Hoy, la situación se invierte y es necesario recordar a los creyentes que la riqueza del sentido religioso no se agota simplemente en llevar una vida ética y solidaria. Llevar una vida ética es una condición necesaria, pero desde luego no suficiente. La conducta ética y solidaria debe ir acompañada de una relación con lo divino, a través de la oración, a través de los sacramentos, buscando la mano del Creador en el mundo que Él ha creado.
Es parte de la condición moderna que hace que muchos fieles casi se avergüencen del Evangelio, de los sacramentos, así como de las afirmaciones, las palabras utilizadas y de las prácticas que expresan los aspectos sacramentales de su religión y fe. Estos aparecen, ironía de las ironías, como “irrazonables” (¡intenta decírselo a Santo Tomás de Aquino o a San Agustín!) Y este fenómeno está extendido entre todos los hijos de Jacob/Israel.

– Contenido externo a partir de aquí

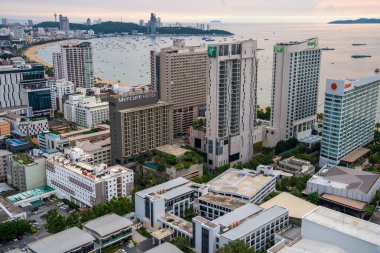 Tayland ve Asya 'daki Pattaya Bölgesi Chonburi' nin şehir ve binalarına bakın.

El profeta Miqueas predicaba: “Hombre, te sido enseñado lo que es bueno y lo que el Señor te pide: practicar la justicia, amar la piedad, caminar humildemente con tu Dios” (Mi 6, 8). Camina humildemente, ¡no a escondidas!
Me gustaría terminar con una nota personal. He tenido el privilegio de reunirme con el Papa Benedicto en tres ocasiones. Una vez fue en 2013, poco antes de su jubilación, un encuentro bastante breve en el que le presenté a dos de mis hijas. La segunda ocasión fue unos años más tarde, cuando a petición suya fui invitado, para mi sorpresa, ya que nunca había sido formalmente alumno de Ratzinger, a pronunciar la conferencia principal en el célebre “Ratzinger Schülerkreis”, su Círculo de discípulos, después de la cual tuve el puro placer de mantener una larga conversación de tú a tú con el Papa emérito: pura teología. Y, finalmente, nuestro último encuentro tuvo lugar hace aproximadamente un mes, junto con los padres Fedou, Lombardi y Gänswein, con ocasión del Premio Ratzinger 2022. Estos encuentros han quedado indeleblemente grabados en mi mente. Sus palabras de despedida fueron significativas y conmovedoras: “Por favor, mis recuerdos a sus hijas”.